Cambio de lugar en el terrado y todo cambia. Hacia el sur la ciudad se extiende hasta donde la vista no puede alcanzar. Todo mengua, todo se hace pequeño. Miles de pequeñas casas se amontonan, desordenadas y viejas, sobre cada centímetro libre. Sus ventanitas se convierten en miles de ojos abiertos a Quito, al caos, a la urbe sin escuadra no cartabón, a la necesidad de techo cuando sea, donde sea y como sea. Y entre ellas, camufladas, surgen formas antiguas, detalles que rompen lineas rectas, que ni el tiempo ni el dinero consiguieron arrancar.
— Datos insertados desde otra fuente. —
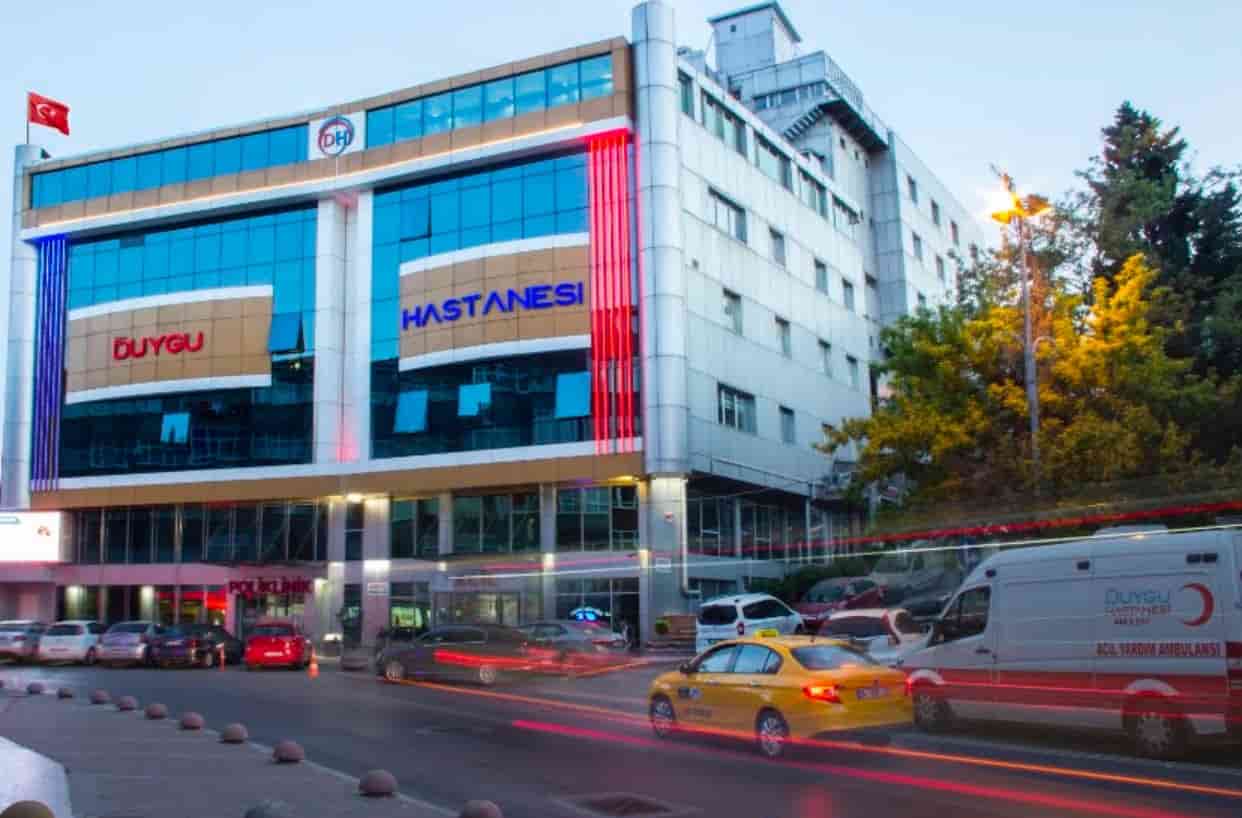 Fachada del hospital Özel Duygu Hastanesi, en Estambul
A lo lejos, detrás del centro histórico se alza una gran iglesia, discreta y elegante y pétrea, entre moles de hormigón y colores degradados.
Sólo en algunos espacios, todavía libres de humanidad, seguramente por lo escarpado e inaccesible, pequeños grupos de verdes árboles y pasto andino sobreviven, reclamando lo que todavía es suyo.Y es que en el Quito de lo alto, cuando uno inclina la cabeza al cielo, hay algo que siempre domina, omnipresente, haciéndote sentir minúsculo, insignificante y absurdo: las montañas, los volcanes, la cordillera.